Distinguishing between two similarly titled songs — for instance, Lionel’s Richie’s “Hello” and Adele’s “Hello” — can be a real challenge for voice assistants like Alexa. One way to resolve this is by having the assistant always choose the song that the user is expected to enjoy more, but as Xiao notes, that’s easier said than done. Users don’t often rate songs played back through Alexa and other voice assistants, and playback records don’t necessarily provide insight into musical taste.
“To be as useful as possible to customers, Alexa should be able to make educated guesses about the meanings of ambiguous utterances,” Xiao wrote. “We use machine learning to analyze playback duration data to infer song preference, and we use collaborative-filtering techniques to estimate how a particular customer might rate a song that he or she has never requested.”

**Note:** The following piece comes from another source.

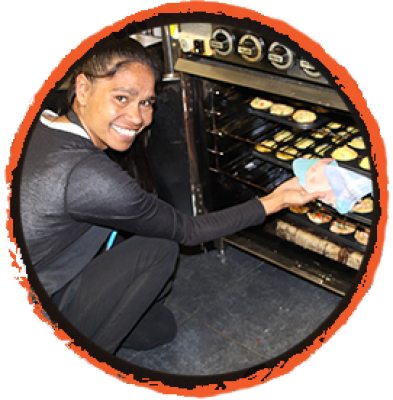 Decorative image of a smiling aboriginal woman removing baked items from an oven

The researchers found a solution in song duration. In a paper (“Play Duration based User-Entity Affinity Modeling in Spoken Dialog System”), Xiao and colleagues reasoned that people will cancel the playback of songs they dislike and let songs they enjoy continue to play, providing a dataset on which to train a machine learning-powered recommendation engine.
They divided songs into two categories: (1) songs that users played for less than 30 seconds and (2) songs that they played for longer than 30 seconds. Each was represented as a digit in a matrix grid — the first category was assigned a score of negative one, and the second a score of positive one.
To account for playback interruptions unrelated to musical preference, such as an interruption that caused a user to stop a song just as it was beginning, they added a weighting function. Songs received a greater weight if they were played back for 25 seconds instead of one second, for example, or for three minutes instead of two minutes.
When evaluated against users’ inferred affinity scores, the correlation was strong enough to demonstrate the model’s effectiveness, Xiao said. Furthermore, it implied that it’s good for more than music — in the future, the researchers plan to apply it to other content, such as audiobooks and videos.